» **Problem to work on**
Where in the data below does the word "Apartment" appear? Copy every line that has it.

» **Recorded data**
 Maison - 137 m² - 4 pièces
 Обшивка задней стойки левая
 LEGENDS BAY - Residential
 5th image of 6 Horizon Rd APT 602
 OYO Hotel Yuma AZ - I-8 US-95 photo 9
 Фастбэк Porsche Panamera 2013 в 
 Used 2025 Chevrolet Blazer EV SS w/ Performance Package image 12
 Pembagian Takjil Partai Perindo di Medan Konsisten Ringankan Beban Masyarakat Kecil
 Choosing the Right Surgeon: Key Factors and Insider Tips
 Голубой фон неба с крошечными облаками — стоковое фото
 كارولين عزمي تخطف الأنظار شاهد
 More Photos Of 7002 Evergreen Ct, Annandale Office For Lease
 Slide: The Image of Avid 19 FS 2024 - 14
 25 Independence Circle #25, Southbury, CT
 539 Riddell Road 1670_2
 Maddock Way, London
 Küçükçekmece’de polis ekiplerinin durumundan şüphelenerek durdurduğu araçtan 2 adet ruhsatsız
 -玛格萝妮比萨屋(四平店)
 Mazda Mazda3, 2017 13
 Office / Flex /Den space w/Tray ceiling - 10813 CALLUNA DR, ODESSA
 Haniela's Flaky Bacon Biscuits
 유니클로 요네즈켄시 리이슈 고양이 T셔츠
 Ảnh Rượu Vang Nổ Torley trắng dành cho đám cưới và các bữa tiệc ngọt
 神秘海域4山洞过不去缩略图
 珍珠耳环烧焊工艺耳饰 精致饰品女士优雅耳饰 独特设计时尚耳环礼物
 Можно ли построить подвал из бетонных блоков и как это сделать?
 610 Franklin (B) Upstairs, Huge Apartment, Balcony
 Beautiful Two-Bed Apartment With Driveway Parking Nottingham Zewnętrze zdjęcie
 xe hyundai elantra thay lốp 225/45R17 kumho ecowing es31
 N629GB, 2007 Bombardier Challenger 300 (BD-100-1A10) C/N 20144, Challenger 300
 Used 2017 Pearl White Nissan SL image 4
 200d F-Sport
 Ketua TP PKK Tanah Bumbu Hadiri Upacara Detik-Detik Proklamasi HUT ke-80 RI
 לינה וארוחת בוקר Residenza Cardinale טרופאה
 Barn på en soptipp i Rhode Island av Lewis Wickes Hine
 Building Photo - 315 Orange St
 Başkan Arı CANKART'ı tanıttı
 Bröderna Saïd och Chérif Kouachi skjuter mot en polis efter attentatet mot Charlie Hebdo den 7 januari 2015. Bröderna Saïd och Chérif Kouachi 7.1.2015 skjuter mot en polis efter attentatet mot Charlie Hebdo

» **Reply to the task**
 610 Franklin (B) Upstairs, Huge Apartment, Balcony
 Beautiful Two-Bed Apartment With Driveway Parking Nottingham Zewnętrze zdjęcie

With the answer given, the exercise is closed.